« 2022, crise de la quarantaine, remise en question de partout. Bilans de vie stériles à tout va, montagnes russes émotionnelles. La série Zones Grises est un voyage introspectif autour de mon intimité et des deuils qui laissent exsangue. Toutes ces images glanées ces dernières années, planquée derrière mon objectif, refont surface. Elles me racontent des miettes de moi, fragments dispersés. Instants volés, fugaces, où le temps se fige. Ces rencontres qui s’entrecroisent puis s’éteignent. Grises, comme mes peurs enfouies, mes démons tenaces camouflés, mes blessures mal cicatrisées. Comme ces fantômes ancrés, une bête enfermée, un cauchemar d’enfant, l’errance des êtres, vivants ou mourants, les solitudes partagées. Ces zones grises creusent leurs sillons entre mon passé et ce qui m’attend, dans les chairs fatiguées mais pourtant toujours debout, jusqu’à l’écroulement. » : c’est en ces termes émouvants et très personnels que Vanda Spengler présente son fanzine, vendu au prix modique de 6 €.
Le parti pris du fanzine est particulièrement intéressant car il s’inscrit dans la lignée des contre-cultures nées dans les années 1960, comme je l’ai d’ailleurs souligné ici dans d’autres articles (cf. notamment les éditions Dumas Salchli). Il n’est pas étonnant qu’une artiste aussi avant-gardiste que Vanda Spengler ait fait ce choix.
Depuis une vingtaine d’années, la petite fille de Régine Desforges et fille de l’éditeur de littérature érotique et écrivain Franck Spengler, appréhende avec son appareil-photo les corps souvent nus de manière radicalement frontale, une crudité extrême.
Zones grises propose une errance visuelle plus intimiste et autobiographique même si les corps dénudés (qu’elle expose régulièrement avec le collectif de femmes Action Hybride) sont parfois présents. Les chairs sont « fatiguées » mais tiennent « debout », opposent à l’usure du temps une irréductible dignité. Urgence de témoigner de ses doutes existentiels, d’affronter sa condition humaine et celle des autres sans apprêt.
La « crise de la quarantaine » de Vanda Spengler nous entraine dans des zones troubles et troublantes qui ne sont pas sans évoquer celles du photographe Antoine d’Agata, une influence majeure.
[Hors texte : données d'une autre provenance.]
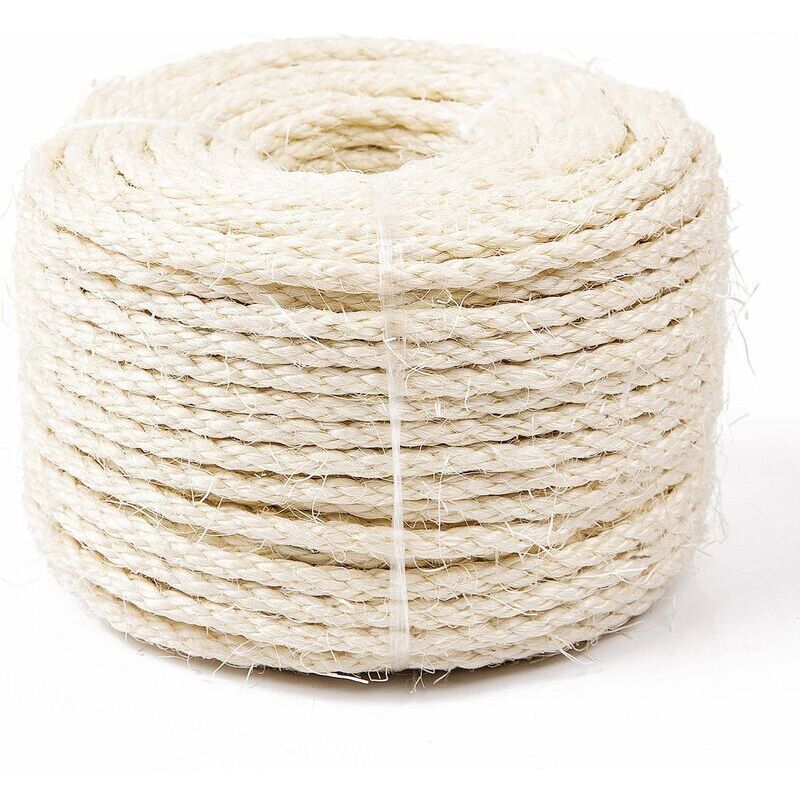 Ikodm - Corde de Sisal Naturel 8mm Remplacement Cordage Ancien Accessoire Idéal pour remplacer Poteaux de l'arbre à Chat, Balles Jouets en Sisal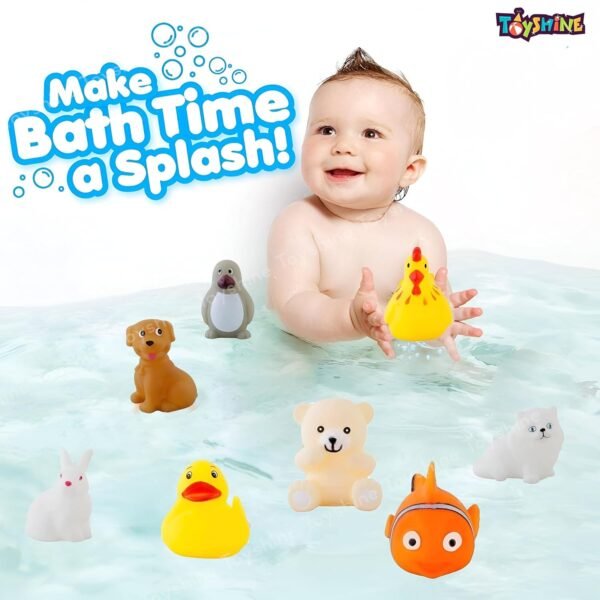 Toyshine 12 Pc Floating Non Toxic BPA Free Animal Bath Toys Chu Chu Sound Swimming Pool Shower Squeezy Toys for 1 2 3 4 Year Old Boys Girls Kids - Image 3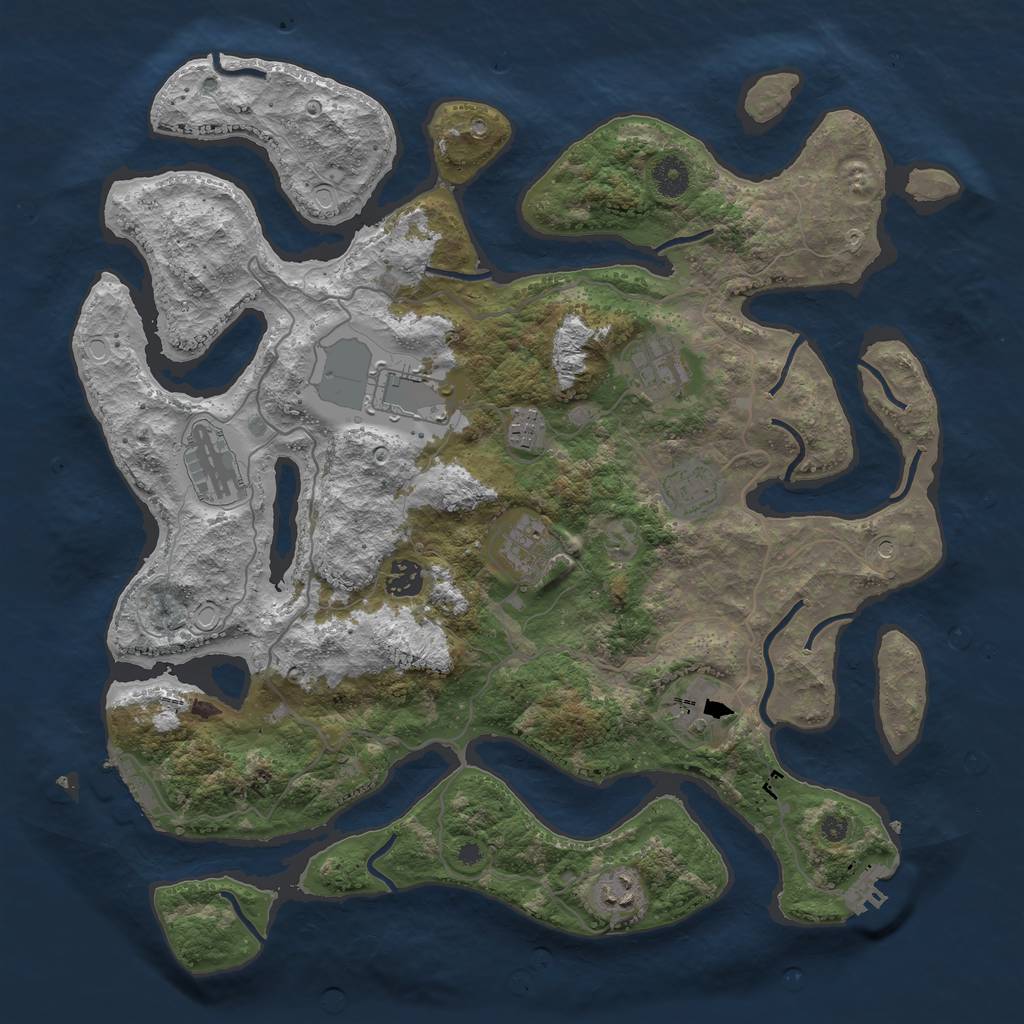 Rust Map: Procedural Map, Size: 4000, Seed: 1972323245, 20 Monuments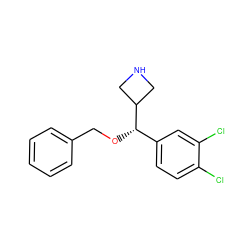 Clc1ccc([C@H](OCc2ccccc2)C2CNC2)cc1Cl ZINC000095557675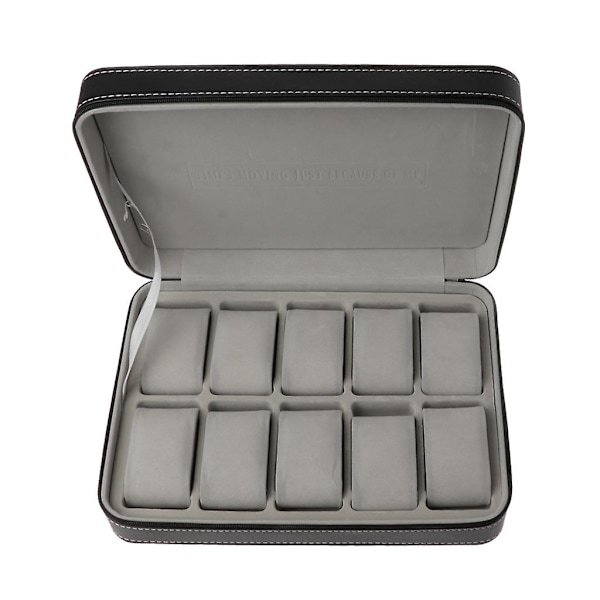 Klockbox med 10 fack, dragkedja, resefodral i läder, display för väska, smyckesförvaring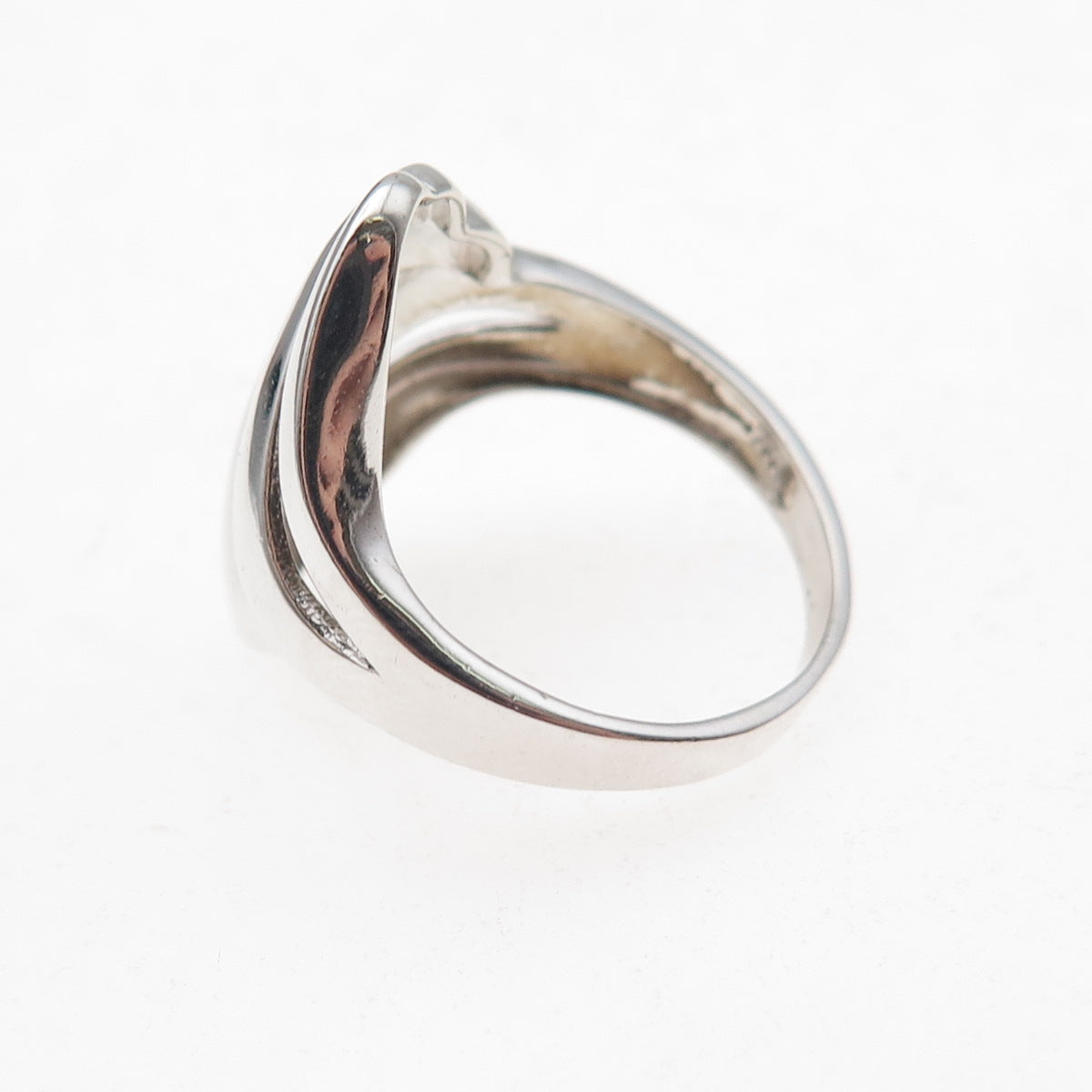 925 Sterling Silver Vintage Modernist Ribbed Ring Size 7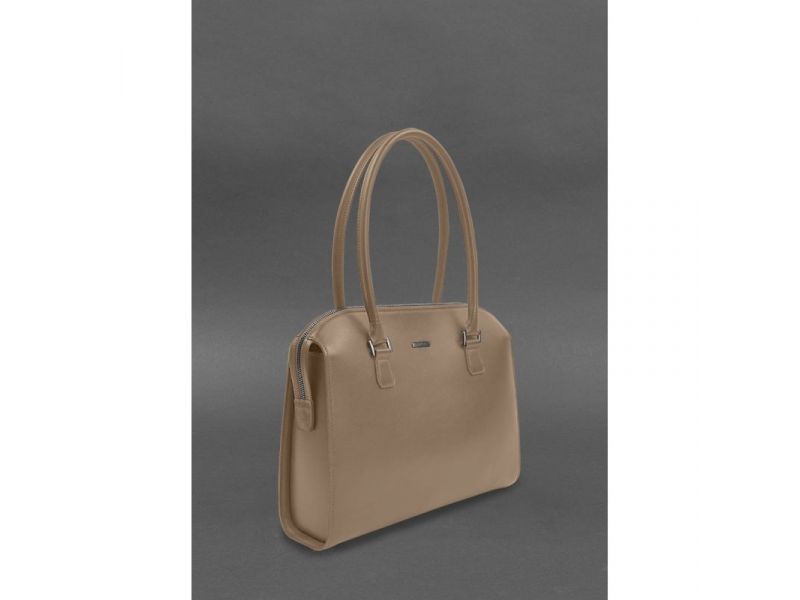 Женская кожаная сумка Business светло-бежевый Краст, фото 2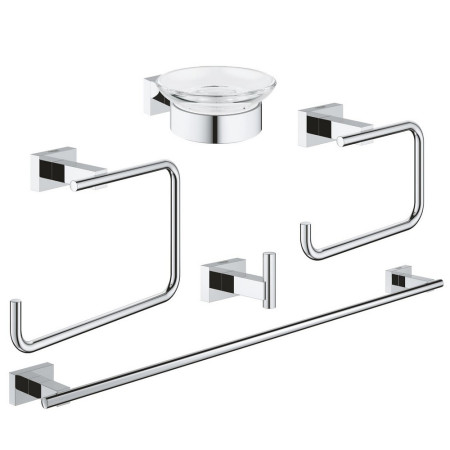40758001 Grohe Essentials Cube Chrome 5 in 1 Bathroom Accessories Set (1)
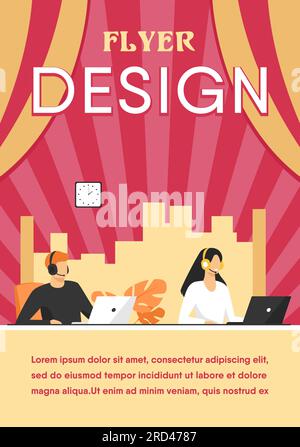 Customer support representatives working in call center Stock Vector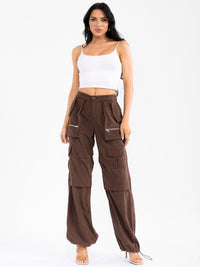 WOMEN'S BUTTON CLOSURE CARGO POCKETS ADJUSTABLE LEG CORDUROY PANTS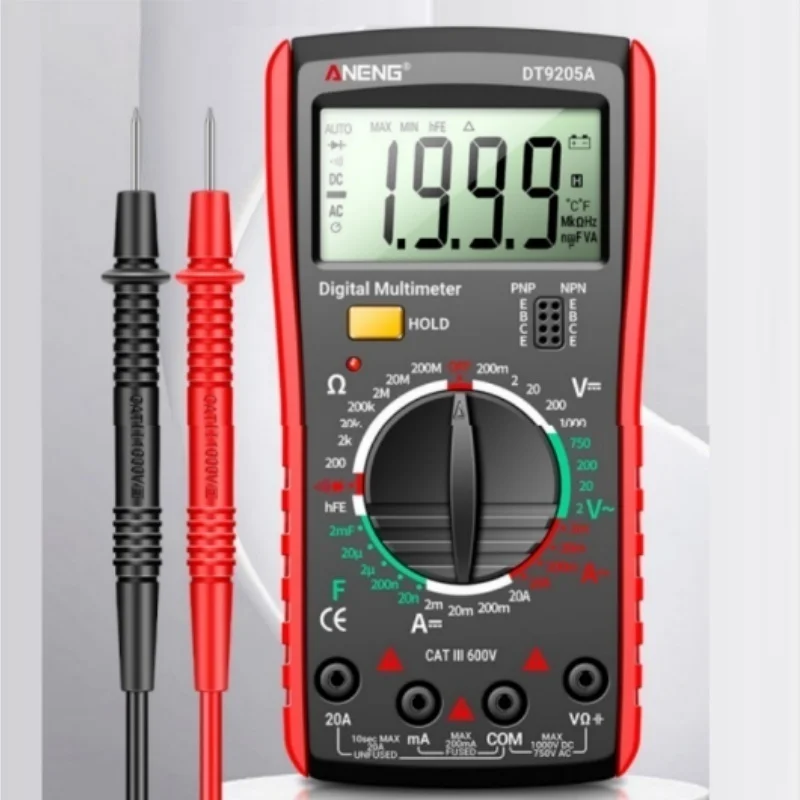 Portable LCD Digital Multimeter AC/DC Voltage Diode Tester Current Resistance Meter Ammeter Multitester with Test Probe  DT9205A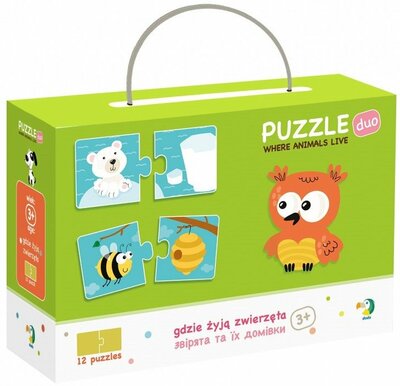 DoDo Puzzle Duo Kde žijú zvieratká 12x2 dieliky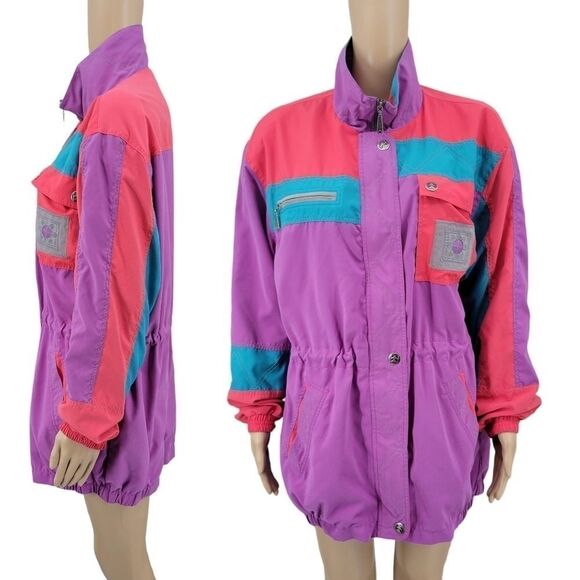 Ssp Segrets 80s Vintage Colorblock Ski Style Jacket Purple Pink Teal Medium - Picture 1 of 12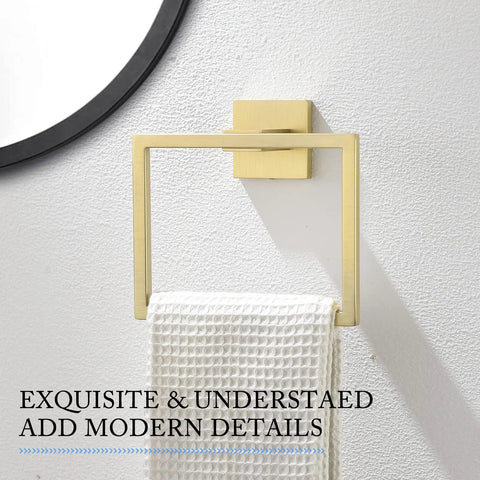 Brushed Gold Stainless Steel Towel Ring square design with white towel, wall mounted in modern bathroom setting.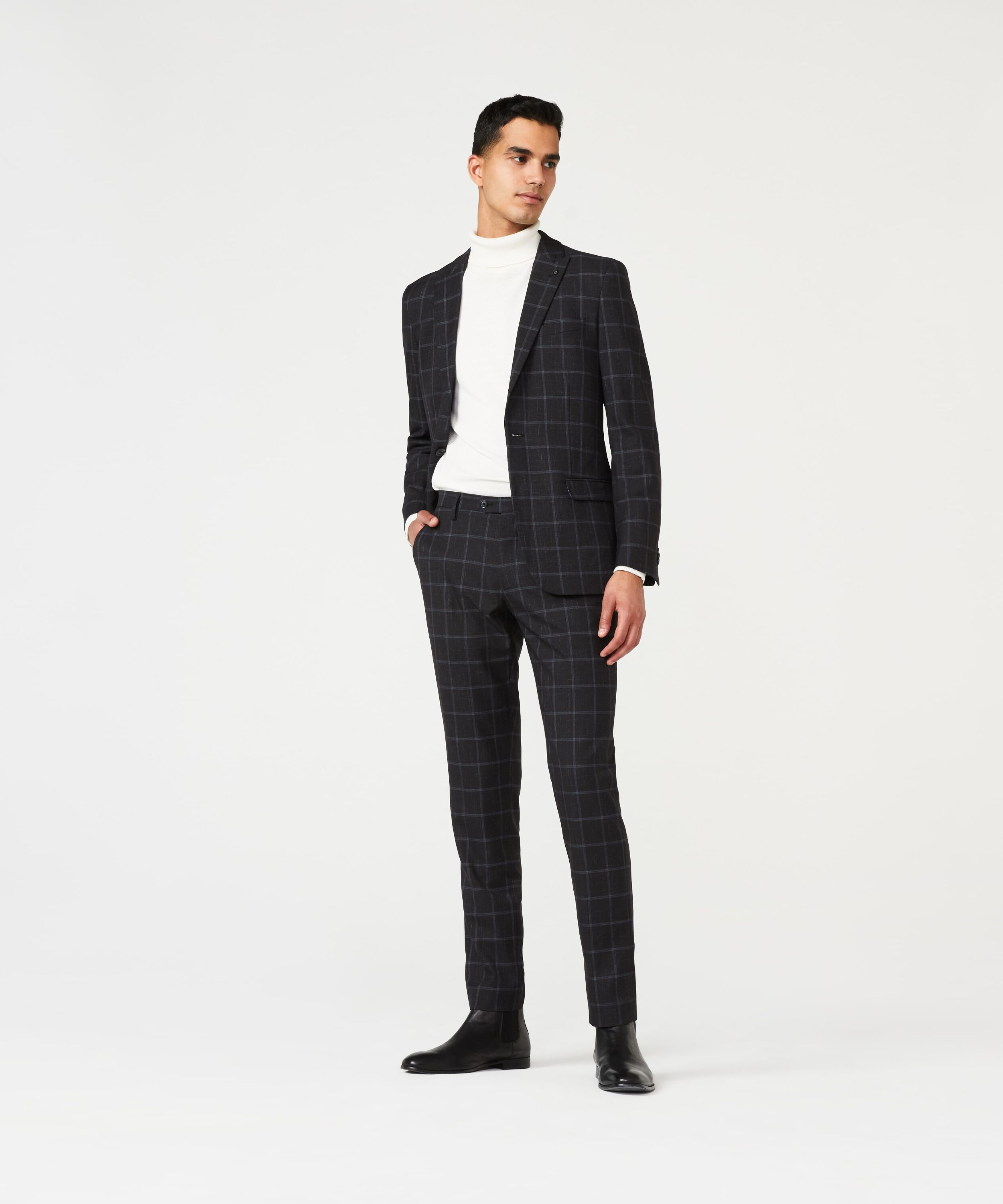 Barrett Tailored Suit Pant - Black Windowpane, Suit Pants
Ainsi un chien errant dans la nuit, probablement éclairé par les phares d’une voiture, montre les crocs et renvoie à une animalité primaire, tout comme ce bouc brutalement figé au flash à côté d’une enfant.
L’enfance et la thématique du songe sont aussi évoquées avec cette photographie particulièrement délicate d’un garçon endormi.
Tous ces fragments éclatés sont constitutifs du moi transfiguré de la jeune photographe franco-suisse, et semblent résulter d’un rêve éveillé. Ils relèvent indéniablement de la catharsis.